Лет пятнадцать назад я задумал писать о больнице роман. И название подобрал хоть и не оригинальное, но вполне подходящее: «Ковчег». Думаю, нет нужды разъяснять его смысл. Однажды — роман был только в замысле — я решил измерить большими шагами длину и ширину главного больничного корпуса: того, в котором и должно происходить действие будущего произведения. И вот я шагаю, шагаю — и прихожу в изумление. Оказывается, наш «ковчег скорой помощи» имеет сто пятьдесят метров в длину и двадцать пять в ширину; а если вы откроете Ветхий Завет, то узнаете, что ковчег Ноя имел в длину триста локтей, а в ширину пятьдесят — то есть точно такие же размеры, как у нашей больницы! Комментарии, как говорится, излишни. А тогда, закончив мистический этот обмер, я подумал: теперь, хоть умри, написать роман я обязан.
Врачебная ошибка
Начать эту главу стоит мыслью Рене Лериша[3], считавшего, что каждый хирург носит в душе собственное кладбище, куда время от времени удаляется помолиться. Правда, русский язык и русская жизнь несколько сократили и огрубили выражение французского доктора; у нас говорят: «У каждого хирурга есть свое кладбище».
Конечно, есть оно и у меня. А всего памятнее мне две смерти, которым я был невольной причиной и о которых хочу теперь рассказать. Они случились давно, более тридцати лет назад, в самом начале моего хирургического пути. Помню даже день — 11 июня, — когда я пошел оперировать гнойный пиелонефрит. А пациентка, пожилая добрая женщина, с которой произошло такое несчастье, годилась мне даже не то что в матери — в бабушки. И помню, как она за час до операции с трудом подошла ко мне в коридоре и сказала:
— Милый доктор, не переживайте: все будет хорошо, — и вдруг добавила: — Позвольте, я вас обниму…
И мы с ней обнялись прямо посреди отделения: уж не знаю, как это выглядело со стороны.
Операция сразу пошла тяжело. Наше вмешательство на пораженной почке было далеко не первым, и все оказалось настолько запаяно грубыми рубцами, что приходилось их рассекать почти наугад, не видя границ между органами. К тому же воспаленные ткани обильно кровоточили, рана почти все время была влажной, и отсос гудел непрерывно. Хирурги поймут меня: очень сложно работать, когда, с одной стороны, нужно быть осторожным, а с другой — необходимо быстрее удалить закрывающий обзор орган, потому что иначе толком не разглядеть источник кровотечения.
С нас сошло семь потов — а больная потеряла более литра крови, — когда гнойную почку мы наконец убрали. И все было вроде неплохо: мы промыли и осушили рану, оставили, как и положено, в ней дренажи — и, когда рана была ушита, повернули больную на спину. И почти тут же по дренажным трубкам потекла кровь.
Мы повернули больную обратно на бок и стали снимать швы. Помылся заведующий. Но при ревизии раны мы ничего особенного не обнаружили: основные сосуды были надежно прошиты, и пока мы минут десять, напряженно пыхтя, во все глаза рассматривали и промокали тупферами ложе удаленной почки, рана оставалась сухой. Снова зашили рану, постояли, глядя на дренажи («Ну, что: все нормально?» — «Да вроде нормально…»), — а затем перевезли пациентку из операционной в реанимацию.

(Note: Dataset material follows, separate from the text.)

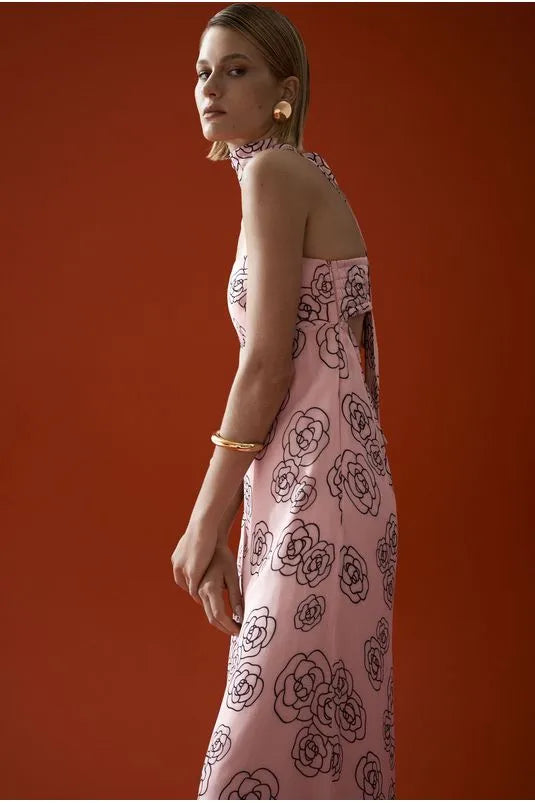 JESSICA DRESS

И тут опять по дренажам потекла кровь. Бегом вернули больную в операционную, позвали сосудистого хирурга — и снова стали искать источник загадочного кровотечения.
Оказалось: когда я выделял из рубцов нижний полюс замурованной почки, я оторвал небольшую люмбальную вену, впадавшую в нижнюю полую, главную вену всего организма, со стороны позвоночника — так что, пока больная лежала боком на валике, поврежденная вена прижималась к позвонку, и никакого кровотечения не было. Когда же мы переворачивали пациентку на спину, по дренажам начинала течь кровь.
Разобраться-то мы разобрались и даже сумели ушить дефект нижней полой — но пока все это происходило, пока мы то зашивали, то вновь открывали рану и возили больную туда-сюда, крови вытекло слишком много, и старушка погибла от геморрагического шока. Это была первая смерть, случившаяся по моей вине: ведь именно я, не заметив, оторвал злополучную люмбальную вену.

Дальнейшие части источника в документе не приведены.